A suite of seminal neuroscience papers by Henri Korn of the Pasteur Institute in Paris allegedly contains a string of anomalies in data interpretation, according to a reanalysis of the papers, published this week in the Journal of Neurophysiology1. But Korn and his co-authors contest this and are critical of the reanalysis, which appears in the same journal as many of Korn's original papers.

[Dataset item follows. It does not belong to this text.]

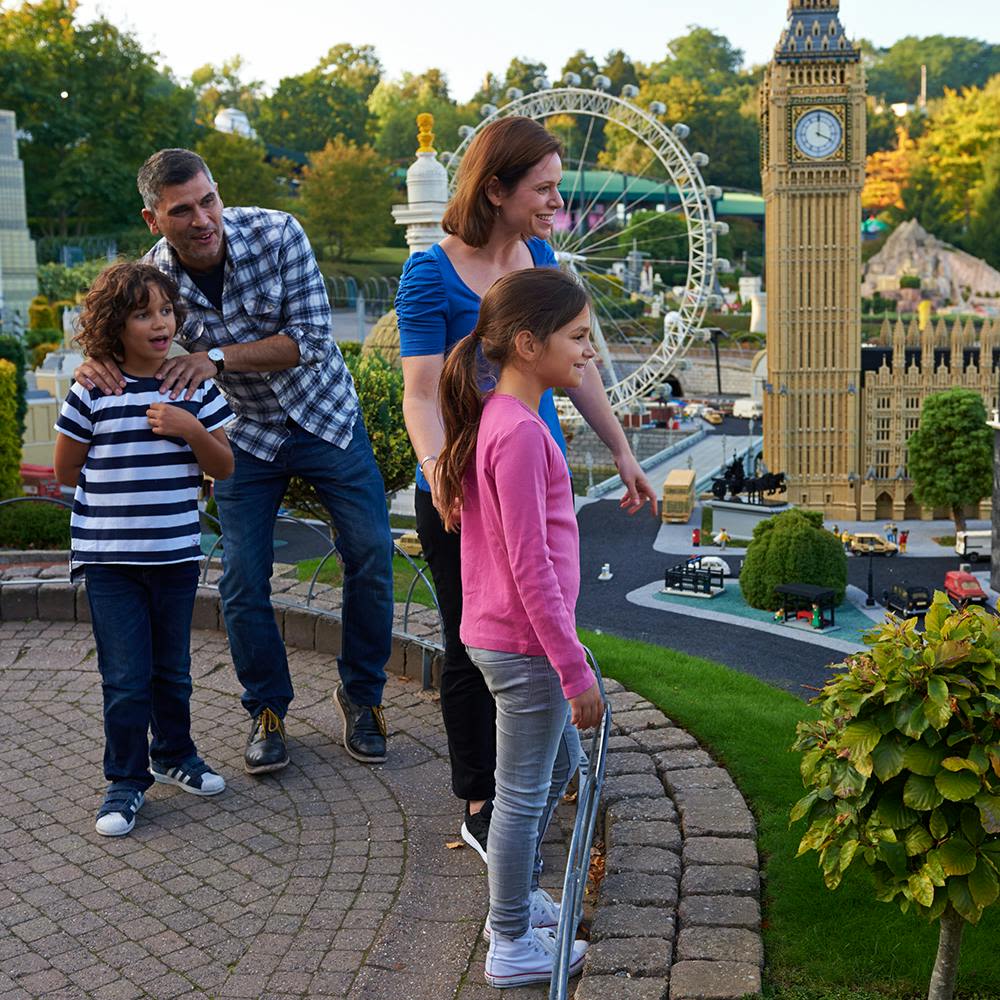 4인 가족이 야외 환경에서 빅벤과 런던 아이 등 런던의 미니어처 모델을 관찰합니다.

A reanalysis of research carried out at the Pasteur Institute casts doubt on a respected hypothesis. Credit: L. BORGHI

The papers, published over the past 25 years by Korn and his co-workers, including Donald Faber of the Albert Einstein College of Medicine in New York, concern the dynamics of the release of neurotransmitter chemicals at the synapse — the junction between nerve cells (see 'Theory of neurotransmitter release moves on'). They suggest that a single bouton (nerve terminus) releases only one quantum of transmitter per nerve impulse. This influential theory has major functional implications, but remains controversial.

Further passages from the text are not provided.